Gov. Lee takes one step toward arbitrary power — limiting the size of gatherings by edict: “Persons shall not participate in social gatherings of ten (10) or more people.” He also bans operation of gyms and eat-in areas of restaurants.

The Lee ban on gatherings of 10 or more people implicates the bill of rights, and would make impossible people getting together to exercise rights of free speech, religious worship, charitable activity or organizing for petitions for redress of grievances. If not allowed to expire, such provisions are the heart of any modern police state.
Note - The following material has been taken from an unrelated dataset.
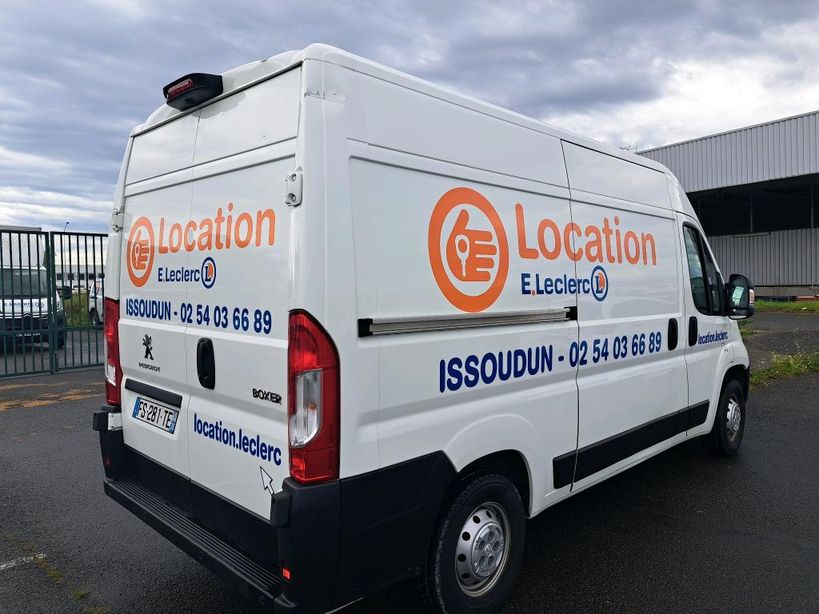 PEUGEOT BOXER FOURGON 2020 - Photo n°6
“I recommend that the governor make sure his executive orders are in line with the Tennessee Constitution before he executes them,” says Jim Poe of Springville, Tenn., a Christian activist. “This has specific reference to limiting ‘social gatherings’ to 10 or more people, especially as it relates to public gatherings to worship.”

He cites the bill of rights, section 3, “That all men have a natural and indefeasible right to worship Almighty God according to the dictates of their own conscience; *** that no human authority can, in any case whatever, control or interfere with the rights of conscience; and that no preference shall ever be given, by law, to any religious establishment or mode of worship” and section 23 that holds “the citizens have a right, in a peaceable manner, to assemble together for their common good, to instruct their representatives, and to apply to those invested with the powers of government for redress of grievances, or other proper purposes, by address or remonstrance.”
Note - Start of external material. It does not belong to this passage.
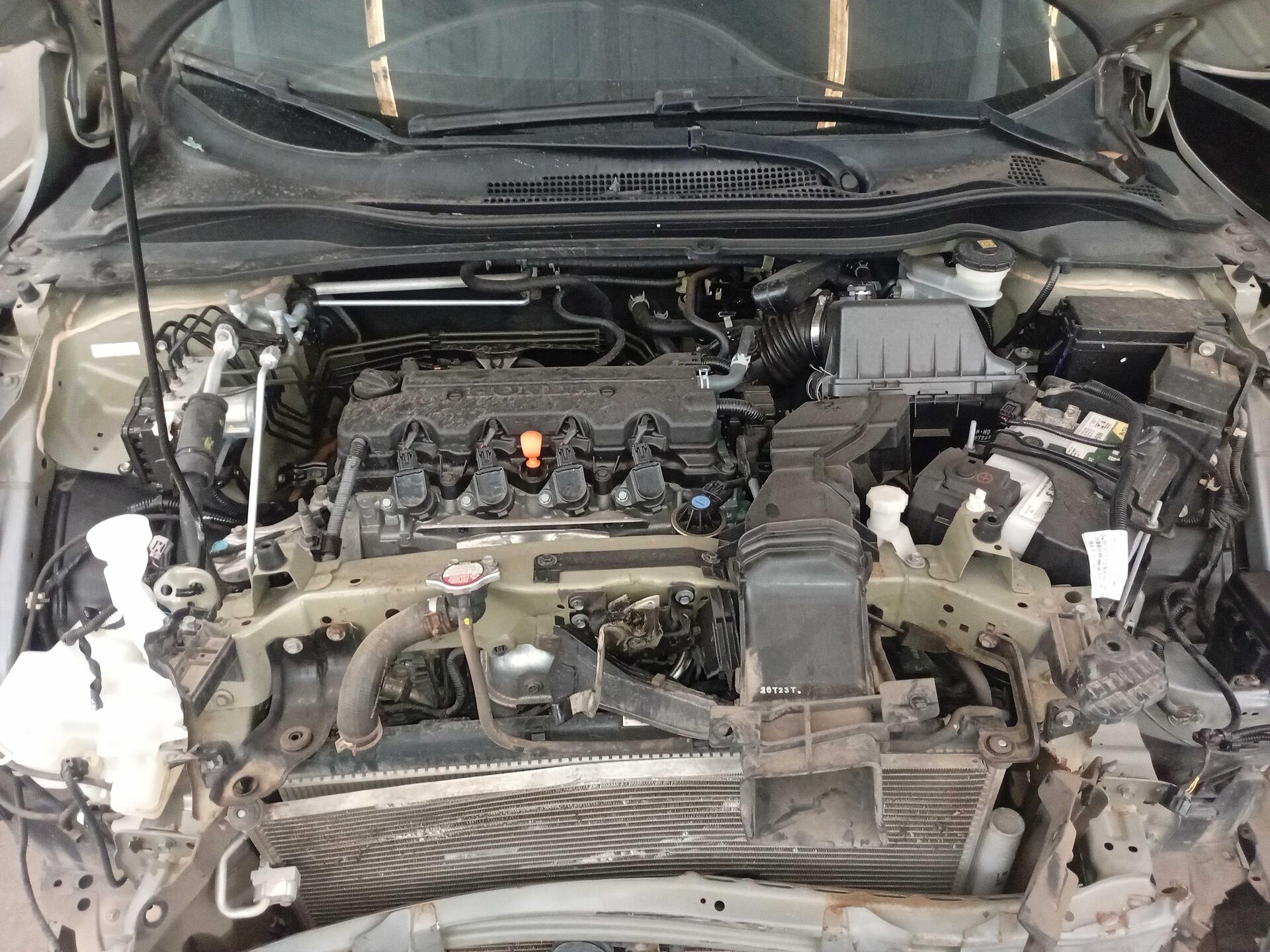 HONDA / HR-V EXL 1.8 FLEXONE 16V 5P AUT. 2021/2021 — foto 13 de 40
Commerce — origin of state civil power

The only way the state today can touch an individual and make a claim upon him is through its privilege enforcement system. In other words, the state has nothing to do with you, an ordinary person, nor you with it, apart from a single important fact. 
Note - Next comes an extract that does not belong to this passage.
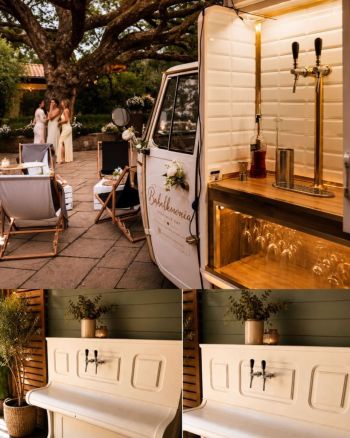 Van i piano Bąbelkownia-bar mobilny | Barman na wesele Lublin, lubelskie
And that is whether you are exercising a state privilege of some kind or a privilege granted by one of its subdivisions such as a city or county. If you are, it has authority over your activities in those areas touched by the privilege or special favor.

A privilege is a grant to do something that, apart from the license that evidences the privilege, would be unlawful or illegal. All privileges are discriminatory and exclusive, they apply to commercial activities in the way of trades, professions or callings.

In countries with common law systems such as ours, a man or person can be subject to the state in one of two ways.

The most obvious way is if he commits a crime, acts in violation of a provision in Tenn. Code Ann. Title 39, the criminal code. The second way: If he violates the rules of his license or privilege.

These are the people who, pursuant to Romans 13, are to fear the magistrate on account of their having committed an evil act. As St. Paul says, “For rulers are not a terror to good works, but to evil. Do you want to be unafraid of the authority? Do what is good, and you will have praise from the same. For he is God’s minister to you for good. But if you do evil, be afraid; for he does not bear the sword in vain; for he is God’s minister, an avenger to execute wrath on him who practices evil” vv. 3, 4.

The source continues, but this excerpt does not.